Seit die europäische Datenschutz-Grundverordnung greift, stufen Agenturen und Unternehmen Online-Kollaborationstools wie Slack oder Trello als heikel ein. Doch sind sie das wirklich? Wir geben Tipps für DSGVO-sensible Online-Tools und mögliche Lösungen im Agenturalltag.
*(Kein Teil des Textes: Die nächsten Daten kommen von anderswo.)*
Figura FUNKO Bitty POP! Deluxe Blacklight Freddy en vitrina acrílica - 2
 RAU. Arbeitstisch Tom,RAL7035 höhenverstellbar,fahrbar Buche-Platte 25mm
DSGVO-konforme Zusammenarbeit in Agenturen

 


Seit der Einführung der Datenschutz-Grundverordnung (DSGVO) im Mai 2018 blicken viele Auftraggeber und Agenturen argwöhnisch auf Online-Tools, vor allem, wenn sie amerikanischer Herkunft sind. Dabei sind sie aus dem Agenturalltag nicht mehr wegzudenken, schließlich arbeiten gerade in agilen Projekten Kunde, Agenturmitarbeiter und Freelancer Hand in Hand und brauchen ein verbindliches Kollaborationswerkzeug, auf das sie als Single Source of Truth (SSOT) zugreifen können. Der Begriff der einzigen Quelle der Wahrheit stammt aus dem Data Warehousing und dokumentiert den Wunsch nach einem allgemeingültigen Datenbestand, auf den sich alle verlassen können.

Inhaltsverzeichnis:

Datenschutz in Agenturen: Online-Tools sind nicht das Problem

Doch der Wunsch nach reibungsloser Zusammenarbeit ließ sich offenbar nicht mit den DSGVO-Bestimmungen vereinbaren. Deswegen griffen viele Agenturen hart durch, um nicht Gefahr zu laufen, wegen einer Datenpanne ein Bußgeld zu kassieren. Die Hysterie ging teils so weit, dass Online-Tools gänzlich von den Gerätschaften der Unternehmen verbannt wurden. Dabei sei die Aufregung meist völlig unbegründet, sagt Sascha Hesse, Rechtsanwalt und CEO der Datenschutzberatung AGOR AG in Frankfurt am Main. In Kooperation mit dem Gesamtverband Kommunikationsagenturen GWA berät er Agenturen in Sachen Datenschutz und Datensicherheit. Er weiß aus Erfahrung: Das Hauptproblem liegt darin, herauszufinden, ob und wie personenbezogene Daten verarbeitet werden.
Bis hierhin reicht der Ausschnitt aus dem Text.